SingleStore is a database management system that offers high-throughput transactions, low-latency analytics, and real-time AI capabilities.

  • The company’s platform provides a built-in vector database functionality that is well-suited for AI-based applications, chatbots, image recognition, and more. 
  • This eliminates the need for running a specialty vector database solely for vector workloads.
  • The company claims that its database platform can process a trillion rows per second, up to 1,000 times faster than some rivals. 

SingleStore has raised a total of $412 million in venture capital funding as of October 2022. The latest funding round was Series F-2 financing of $30 million.

SingleStoreDB | Real-Time Analytics. Real-Time Applications. Real-Time AI. Right Now.
Backed by streaming data ingestion, a unique table type that supports both transactional (OLTP) and analytical (OLAP) workloads and limitless point-in-time recovery, SIngleStoreDB empowers the world’s makers to build, deploy and scale modern, real-time intelligent applications.

Vespa

Vespa is an open-source big data serving engine that provides a fully-featured search engine and vector database. It supports vector search (ANN), lexical search, and search in structured data, all in the same query.

Vespa scales to any amount of data and traffic, and is built on a C++ core providing hardware-near optimizations and efficient utilization of any amount of memory and cores.

Vespa’s notable products include:

  • Search: Vespa is a fully featured search engine and vector database. It supports vector search (ANN), lexical search, and search in structured data, all in the same query.
  • Recommendation and personalization: Vespa lets you build applications that evaluate recommender models over content items to select the best ones.
  • Conversational AI: Vespa integrates building blocks for large language models in scalable form.
  • Semi-structured navigation: Vespa provides all the features required for structured navigation - grouping data dynamically for navigation and filtering - in combination with search and recommendation.

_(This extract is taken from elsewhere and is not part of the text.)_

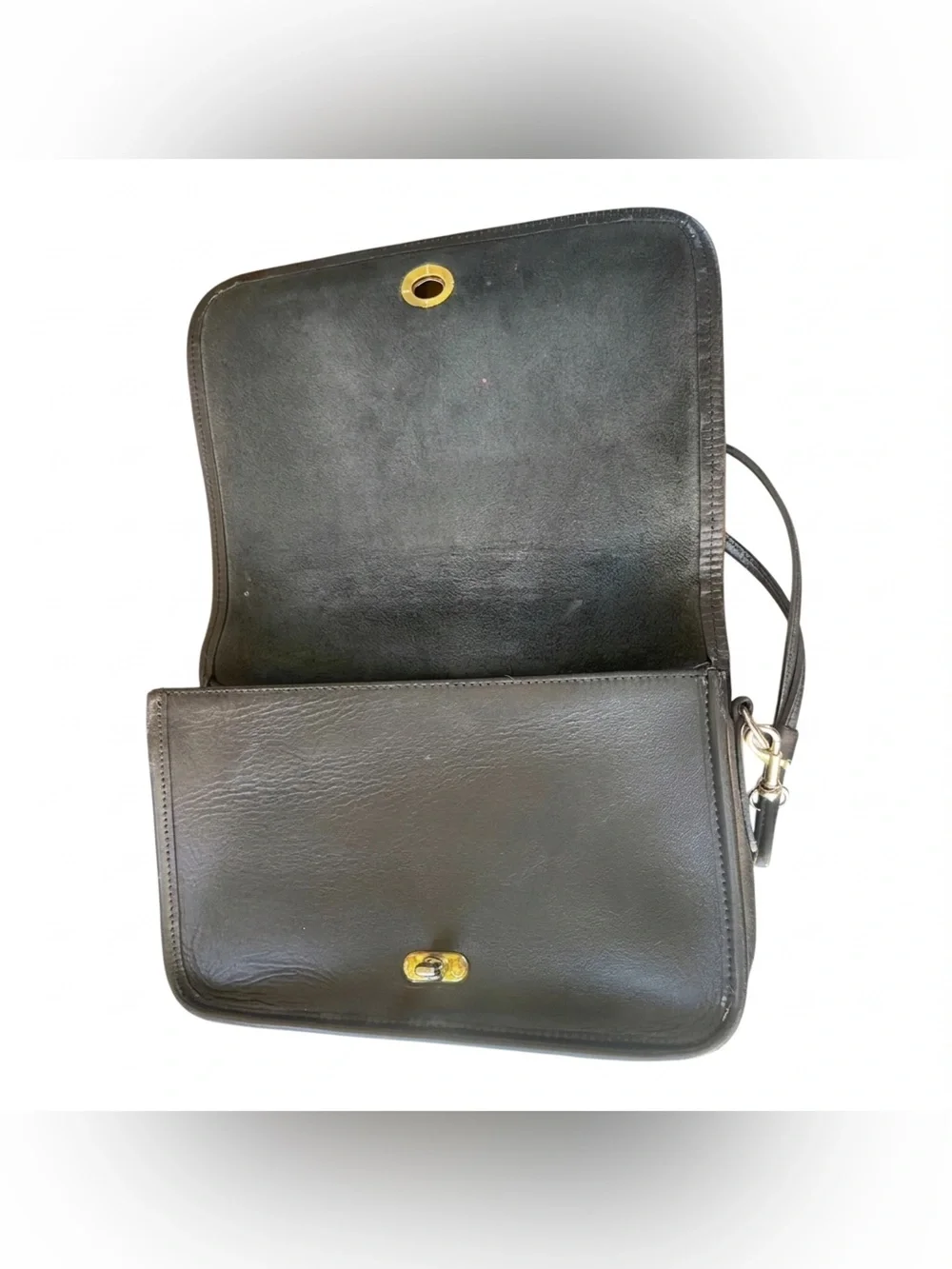Vintage Style Black Leather Turnlock Crossbody Bag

Vespa is a spinout from Yahoo, which announced in Octobober 2023 they would turn it into an independant company.

Vespa - the big data serving engine

Marqo

Marqo is an Australian startup that specializes in vector search. The company was founded in 2022 by Jesse Clark and Tom Hamer, two former Amazon engineers.

  • Marqo’s core selling point is that it promises a full array of vector search smarts out of the box, including vector generation, storage, and retrieval. 
  • This means that Marqo allows its users to bypass third-party vector-generation tools from the likes of OpenAI or Hugging Face, to offer everything via a single AP.
  • Marqo provides an end-to-end system that brings all of these components together solving a major pain point for developers.

Marqo’s latest seed funding round was led by Blackbird Ventures and Creator Fund, with participation from January Capital and Cohere co-founders Ivan Zhang and Aidan Gomez. The company raised $5.2 million in seed funding.

Marqo | Multimodal Vector Search
Marqo is an end-to-end, multimodal vector search engine. Users can store and query unstructured data such as text, images, and code through a single easy-to-use API.